Recorded information below:
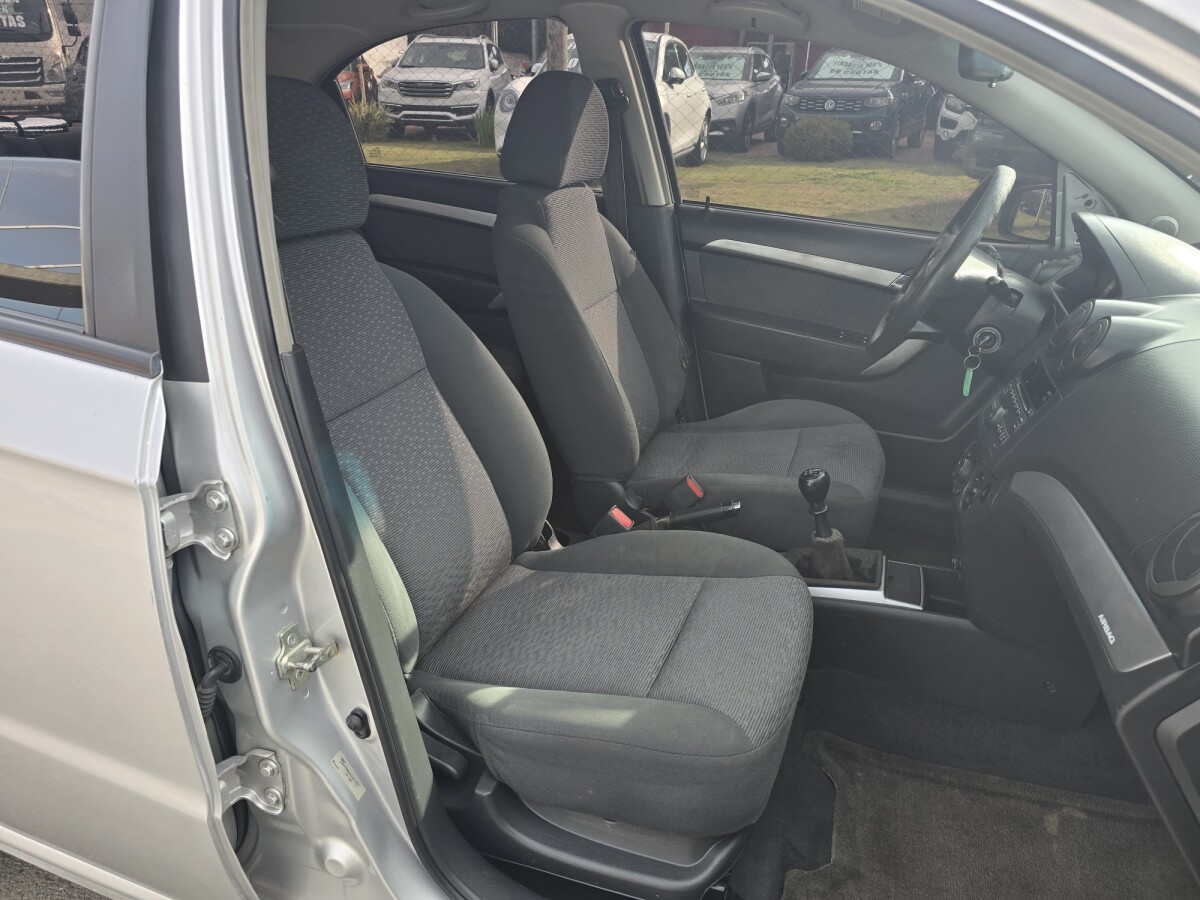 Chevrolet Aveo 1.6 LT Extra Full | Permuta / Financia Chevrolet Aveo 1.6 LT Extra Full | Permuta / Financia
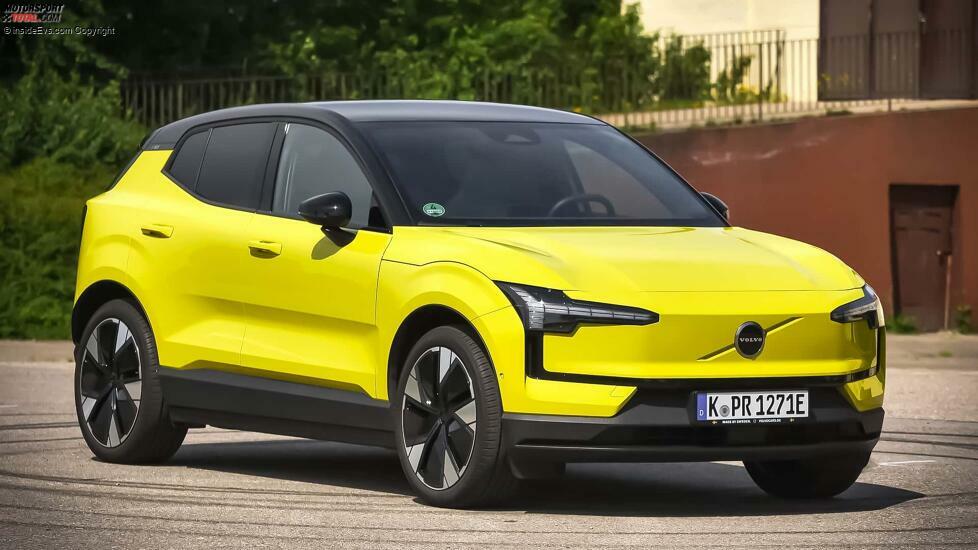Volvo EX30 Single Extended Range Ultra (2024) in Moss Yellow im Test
End of Recorded information.
Recorded information below:
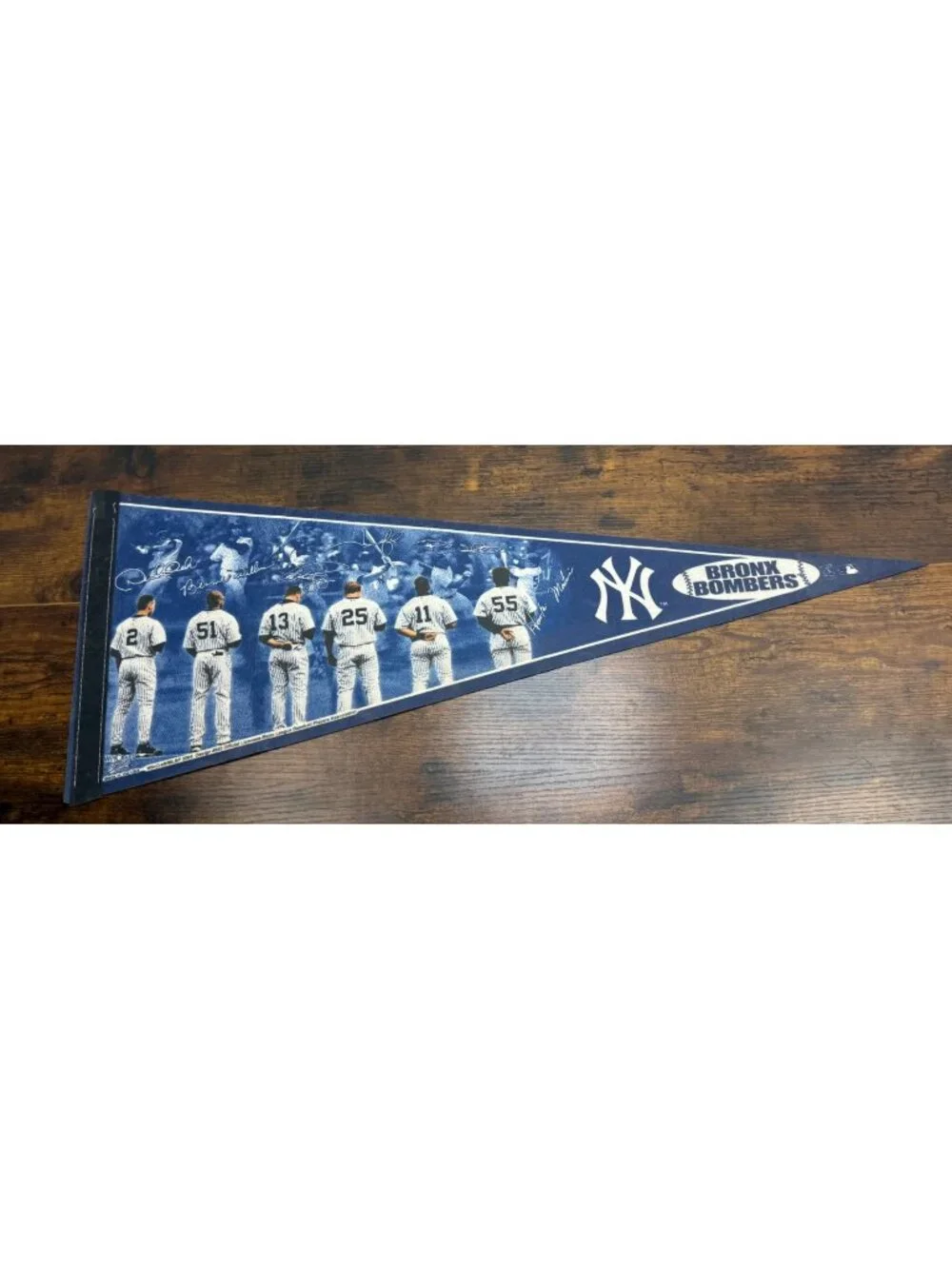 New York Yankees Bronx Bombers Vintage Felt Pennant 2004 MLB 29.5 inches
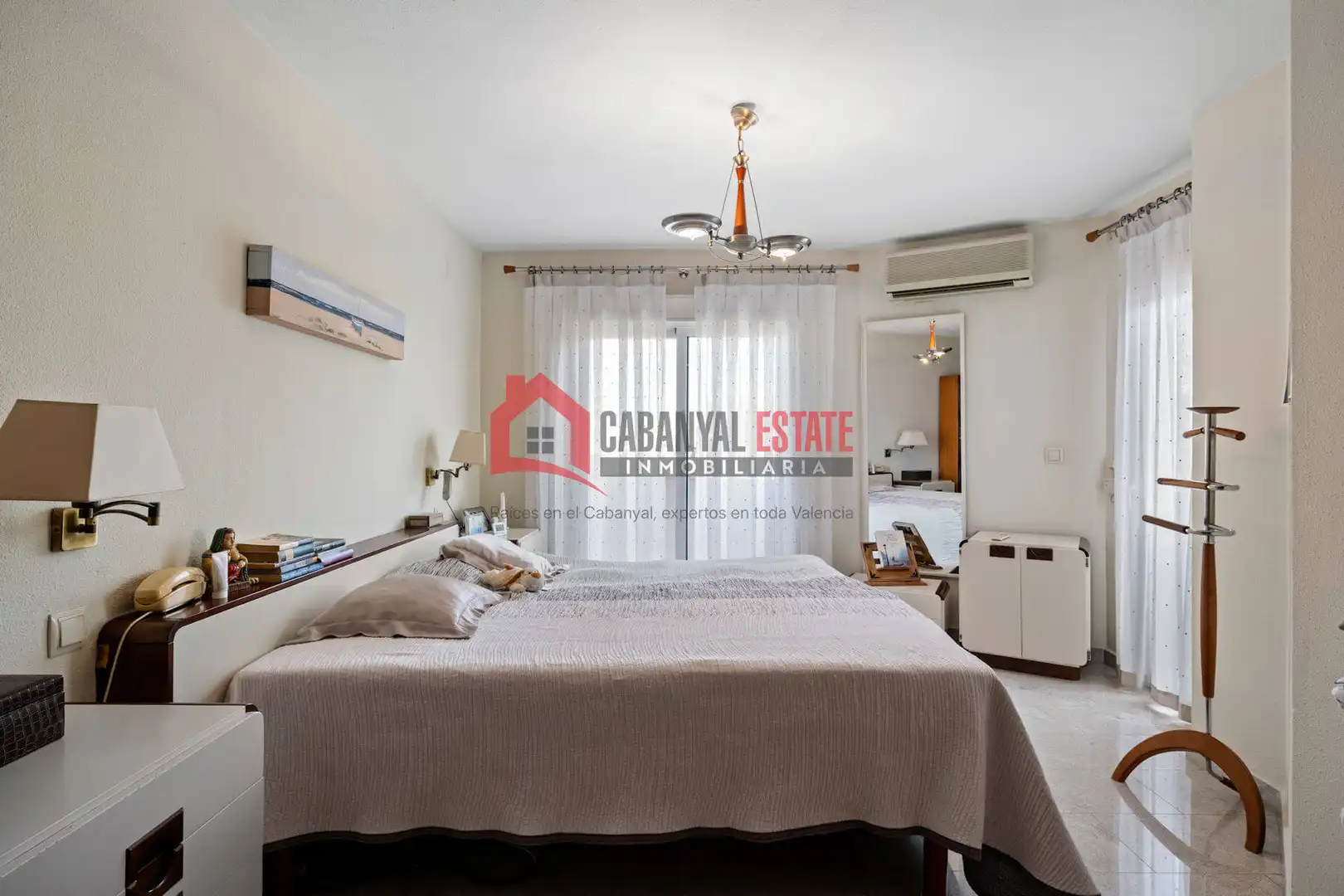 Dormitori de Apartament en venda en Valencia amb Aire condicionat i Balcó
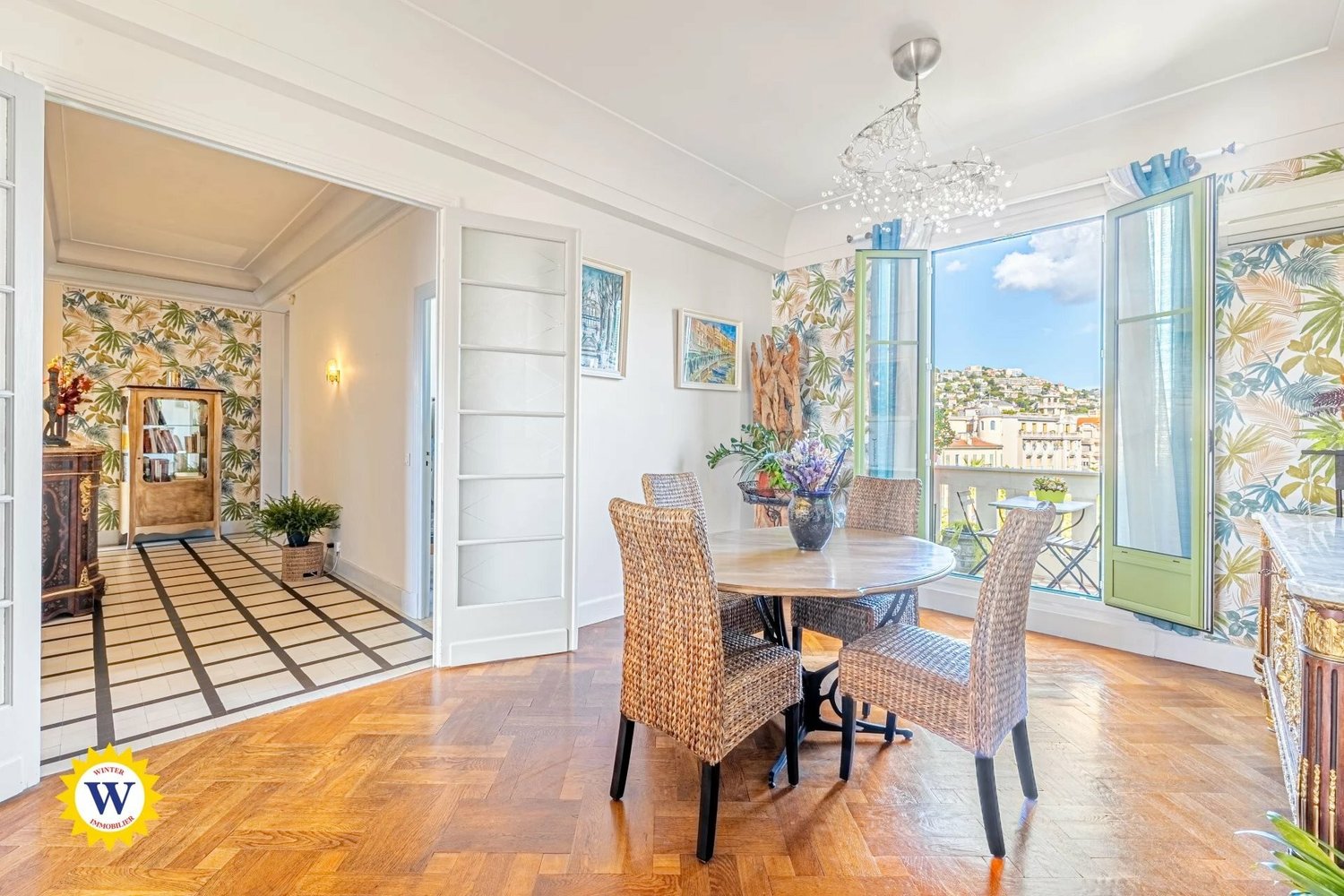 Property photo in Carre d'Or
End of Recorded information.
Directions for this task:
Would you output only the span of the records above that opens with the line containing "Dormitori de Apartament" and closes with the line containing "Property photo in Carre d'Or", ends included and pictures dropped?

Response box:
 Dormitori de Apartament en venda en Valencia amb Aire condicionat i Balcó
 Property photo in Carre d'Or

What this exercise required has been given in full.